In the Palm Sunday liturgy, we hear of an incredible darkness, as the Word through whom all things came to being was silenced, put to death, buried in a tomb. But as St. Paul notes, where sin abounds, grace abounds even more. An incredible grace is also in evidence, a love which knows no bounds. Love and death are caught in a great showdown. Palm Sunday leaves us there.
Our pandemic also has us in a showdown, as the rampant spread of a Covid variant is confronted by our best communal efforts to protect the vulnerable and to defeat a virus that can bring death.
Friends, in this drama unfolding in our midst, just as in the drama that we are drawn into in the Palm Sunday liturgy and in Holy Week, we are not passive bystanders. We’re all called to participate in this drama, in this struggle between life and death. Let me suggest three ways in which we can do so.
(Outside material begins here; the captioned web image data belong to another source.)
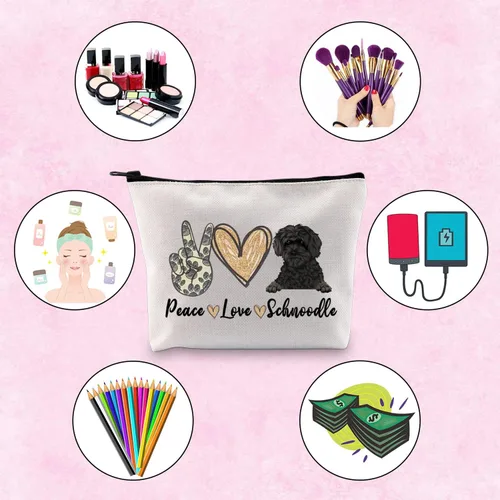 Vista 3 de Schnoodle Mama Gift Peace Love Schnoodle - Bolsa de maquillaje con temática de cachorros para amantes de los perros (PLSchnoodle)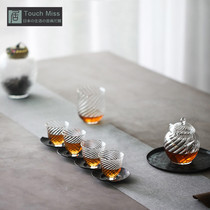 Touch Miss Japanese hand-made rotating glass tea set set one pot four cups heat-resistant glass tea set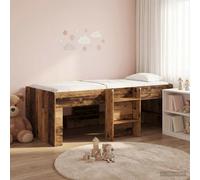 vidaXL Letto Alto per Bambini 2 pcs Legno antico 193 x 96,1 x 68,5 cm, Letto a Castello per Bambini con Scala, Design Rettangolare, Soluzioni Salvaspazio per Riporre Sotto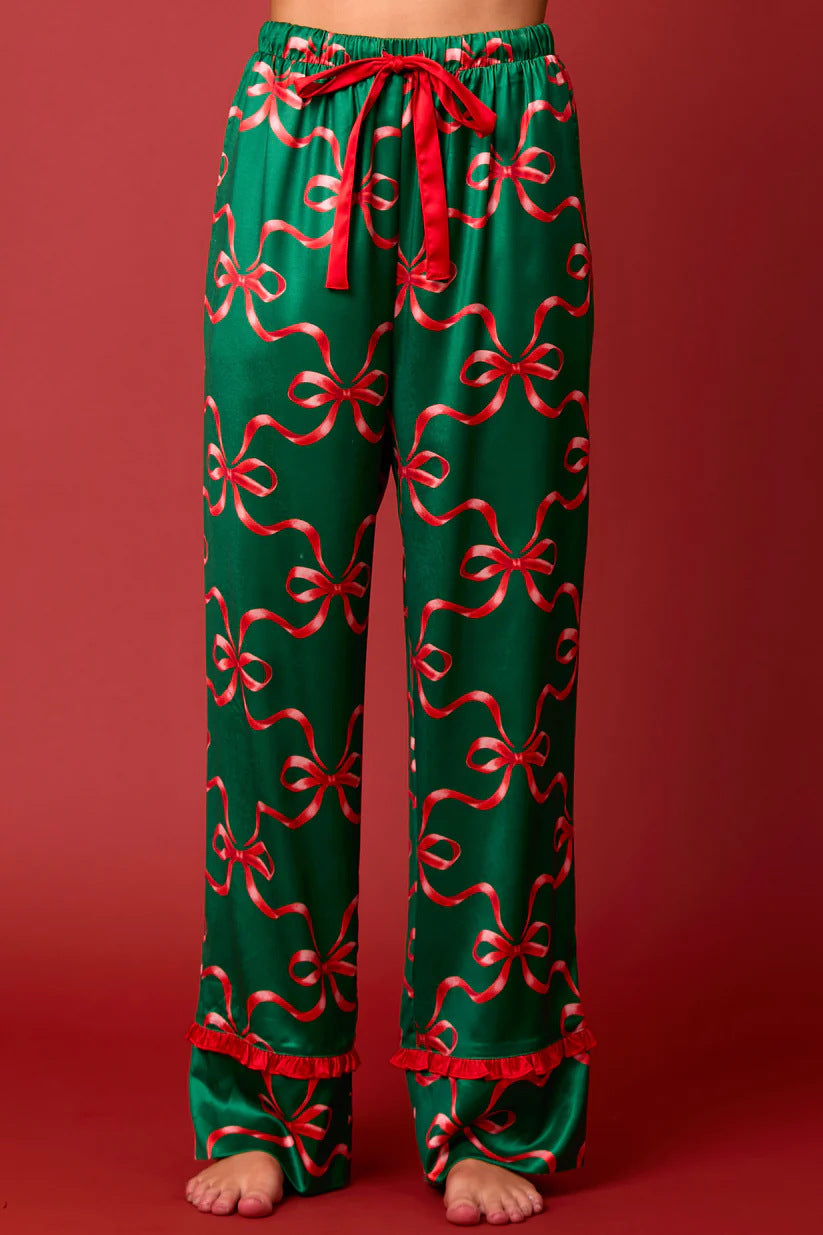 Green Christmas Pajama Set With Red Bow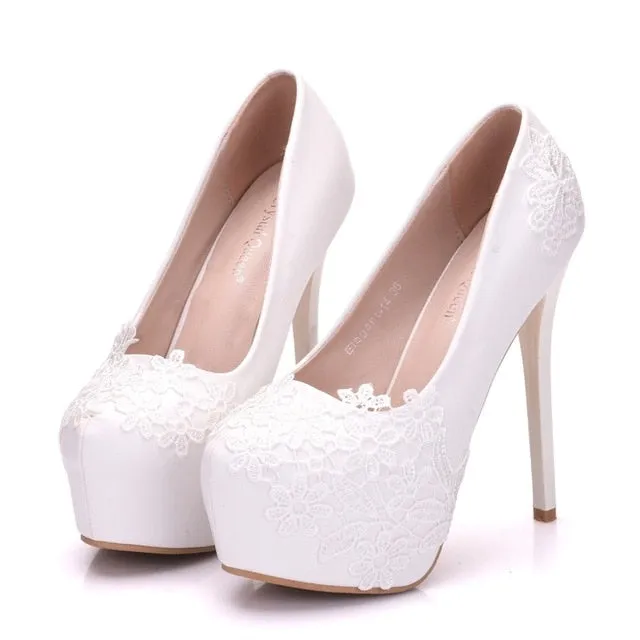 White Lace 8 Styles Bridal Pump Shoes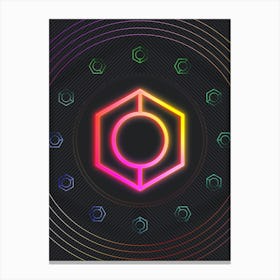 Neon Geometric Glyph in Pink and Yellow Circle Array on Black n.0038 Canvas Print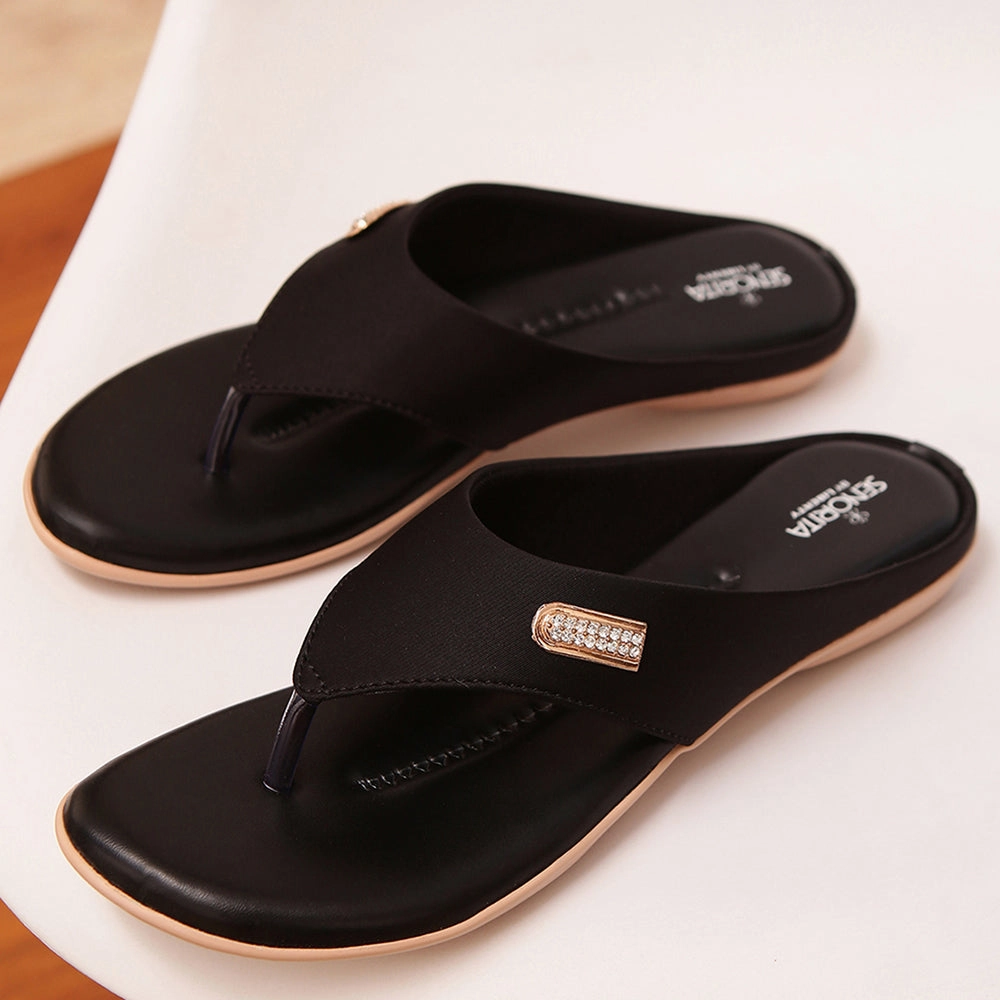 Senorita Casual (Black) Slippers For Women MK-09 By Liberty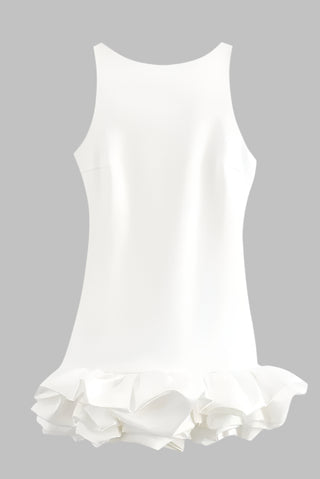 Ruffled Hem Sleeveless Romper Dress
Firstly, we can take all the precautions that we are asked to take. While parishes have not been vectors of the virus spreading, we need to be especially vigilant now. We do well to take seriously the travel advisory issued for Regina and area communities. Outside of Regina, in other parts of the Archdiocese, we need to be very cautious as well, as we enter into Holy Week with an easing of restrictions; it’s not a time to ease up on our attentiveness to detail.
Secondly, we can enter deeply into the celebrations of the coming days, whether in person or virtually. These celebrations take us to the heart of our faith. In accompanying the Lord to the cross and ultimately to the resurrection, we can find a wellspring of hope and joy that is very deep, because it is born out of the worst that human life can bring, and proclaims that life and love have the last word.
Finally, tomorrow, Thursday, we celebrate the great Feast of the Annunciation, centred upon Mary’s faith-filled response to the Angel Gabriel: “let it be done unto me according to thy word.” Mary’s yes opens the door to God’s desire to come and dwell in our midst. Let us ponder and emulate Mary’s openness to the will of God and her embrace of the mystery of God’s great desire to come into our midst. Let us accept the invitation and do our part in God’s great dream of transforming and redeeming the world from within, be walking with us, dying and rising for us.
Let’s close with a prayer that brings together some of the strands in this meandering meditation:
Lord Jesus, you came among us to bring life. In your suffering and death, you revealed a boundless love. In your resurrection you plant the seeds of a hope within us which can withstand darkness and pain. Be with us now in this time of pandemic. Protect us, watch over all our medical professionals, and all who are doing all they can to accompany those who are suffering and to prevent the further spread of the virus. Give us courage as we face our own struggles, frustrations and darkness at this time. May we always know your Risen presence. Fill us with your Holy Spirit. Help us to offer our fiat, to say to you with our whole hearts and our whole lives, “let it be done unto me according to thy will.” Through Christ our Lord, Amen.